At the end of the class, the ladies talk about their situations. Patrice is working on forgiving her husband Eddy Curry for cheating on her, Brandi and her husband are separated, and Malaysia threw in the towel and finally divorced her no good husband Jannero. Ahh, the life of a basketball wife.

Patrice and Eddy are celebrating their son’s birthday with the whole family. Patrice tells Eddy she’s think about adopting Noah, the child he had outside their marriage. Patrice says the adoption process will have to wait until Eddy gets back from playing overseas.

After watching this scene, I felt an inkling of remorse for writing my in-depth post about these two.
Read my scorching hot tea about Patrice and Eddy here
Every couple goes through some mess at some point, and I’m not going to sit here and judge Patrice for staying with Eddy despite is wandering peen.

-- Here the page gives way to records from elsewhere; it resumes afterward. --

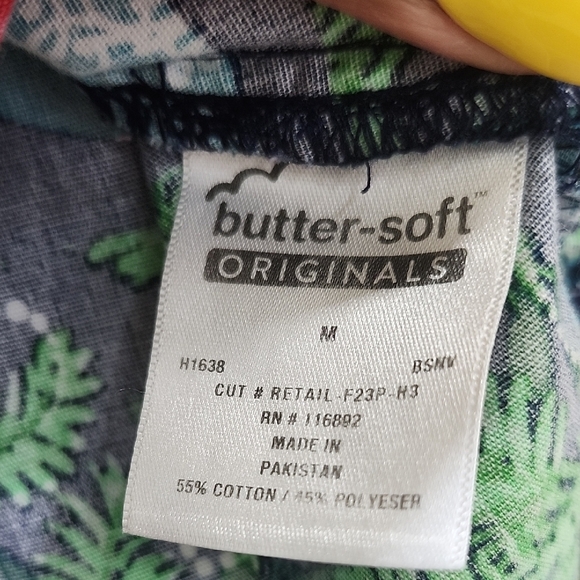 Vtg Butter-Soft Originals Floral And Chrismas Scrub Top - Picture 3 of 9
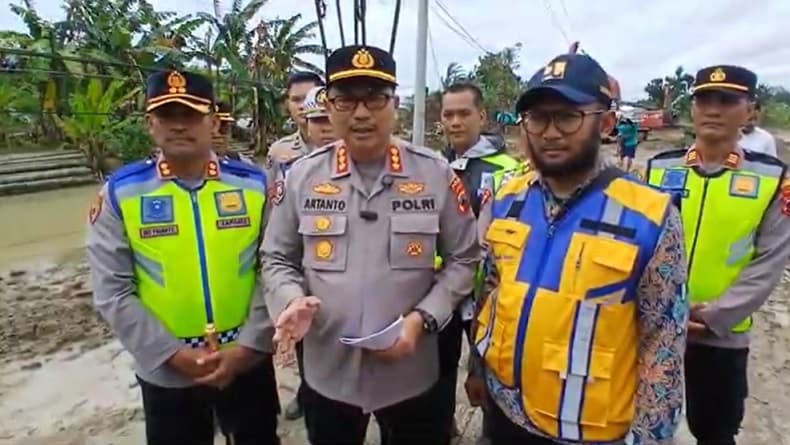 Perbaikan Tanggul Sungai Tuntang Dikebut, Truk Dilarang Melintas Jalur Gubug Perbaikan Tanggul Sungai Tuntang Dikebut, Truk Dilarang Melintas Jalur Gubug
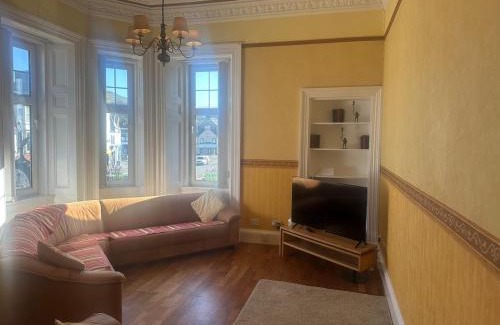 Largs Casa | Crawford House
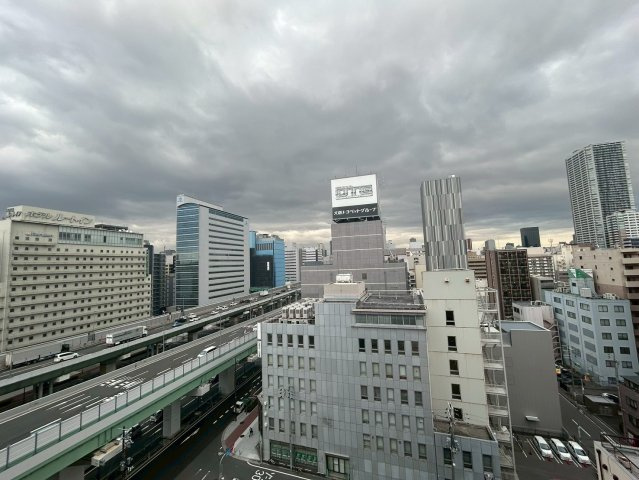 コンフォリア・リヴ本町WEST Qの展望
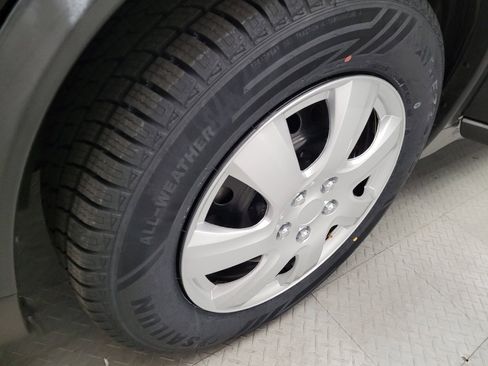 Used 2020 Nissan Rogue S image 31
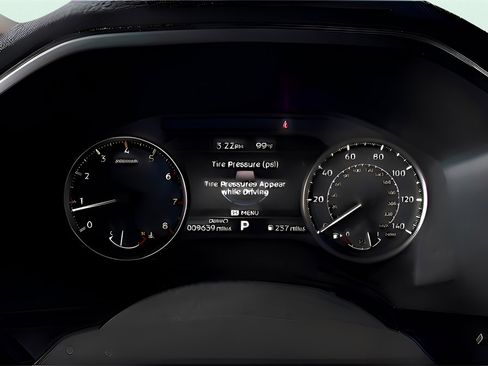 Used 2024 Mitsubishi Outlander ES image 25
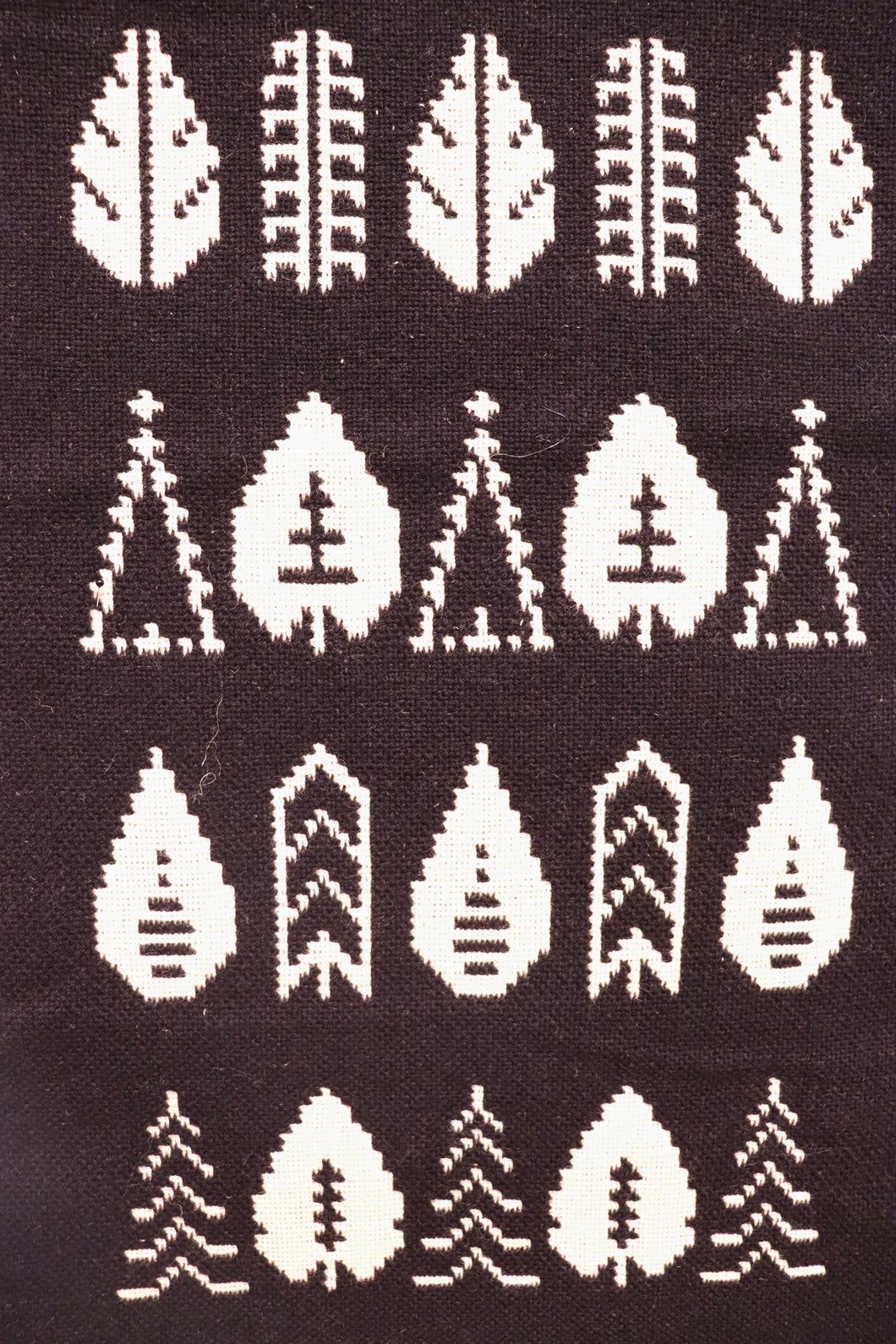 Täkänä, kaksipuolinen seinätekstiili 45x140+hapsut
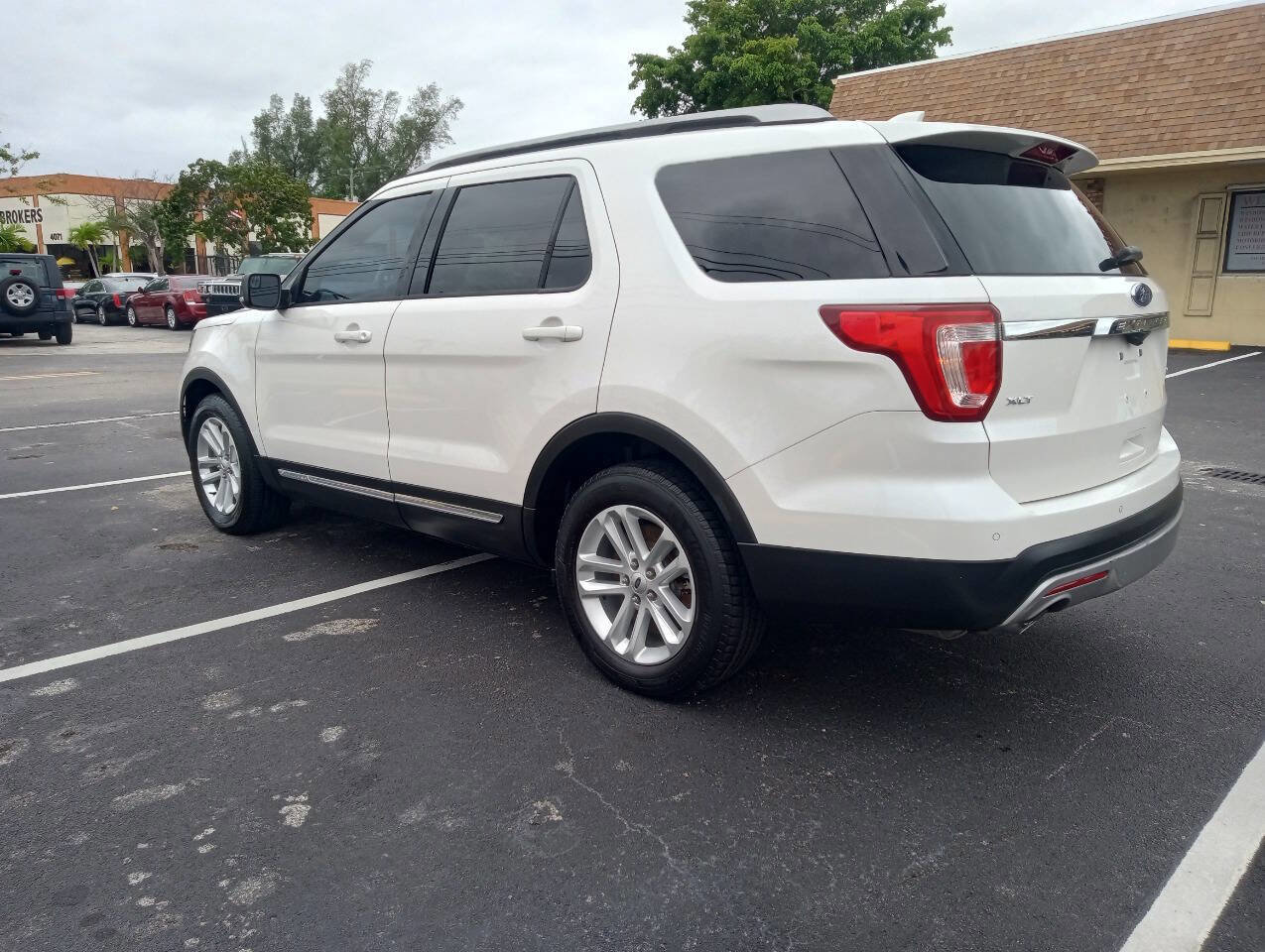 Used 2016 Ford Explorer XLT w/ Equipment Group 202A FWD image 7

At the end of the day, she’s the one who has to lay up under that, not me!
Jackie’s in the gym trying to work on her fupa. 

She’s such an uncoordinated mess. 
Jackie comes clean and tells Doug she spit on Mehgan at the beach house. Doug just hangs his head in shame. I don’t know how he is so patient with this woman. Doug is a saint, because most men would have left years ago. Jackie must got that fire, or maybe she blackmailed him to stay with her all these years. 

Jackie meets up with Brandi to discuss the charity party. But instead of working on the details of the event, Jackie still wants to run her mouth about the events that went down at the beach house.
This whole scene was just…wow…Brandi kept asking Jackie if she forgot to take her meds, but it was clear Jackie had one too many “marmosas”. 

Brandi stayed and entertained this geriatric bum way too long. 
Jackie tells Brandi she’s “Doug Christie’s wife!” and “a boss!” Brandi laughs and says “you live in an apartment!” Hey, nothing wrong with renting an apartment, but the fact that Jackie tried to come across like some rich bytch is the reason why Brandi threw that in her face. 
Jackie tried to come back from that epic wig snatch by saying she owns nine homes. Bish where?
And then, the unthinkable happened. 
Y’all, Jackie’s Cubic Zirconia said “eff this” and plopped right out the ring setting. Brandi was like “Your ‘diamond’ fell” and Jackie sat there with a straight face like “I know!”. She had to pick up the stone off the floor. Straight dreadful!
Brandi was on Twitter tonight saying during that scene, Jackie’s stone fell out multiple times lmao. How you a boss with a fake 10ct. ring? That ain’t about the right!

Jackie calls Brandi a “b-“, and Brandi tells her she has one last time to call her that. And you know what Jackie does? She calls Brandi a b- again smh.

Brandi gets her things to leave, but she doesn’t go without throwing a basket of fries in Jackie’s face LOL! Look at Jackie’s “marmosa” spilling all over her fupa. 
Oh, then Jackie had the nerve to call Brandi “fat” as she was leaving. Um, crazy lady say what? Have you looked in the mirror lately? Brandi is far from fat, that’s why she was completely #unbothered by the comment.

The aftermath.
More whodickery will go down next look. It looks like some of the ladies are going on vacation (they clearly haven’t learned). And Tami Roman joins them so you know some mess is about to go down!
What did you think of this week’s episode of Basketball Wives L.A.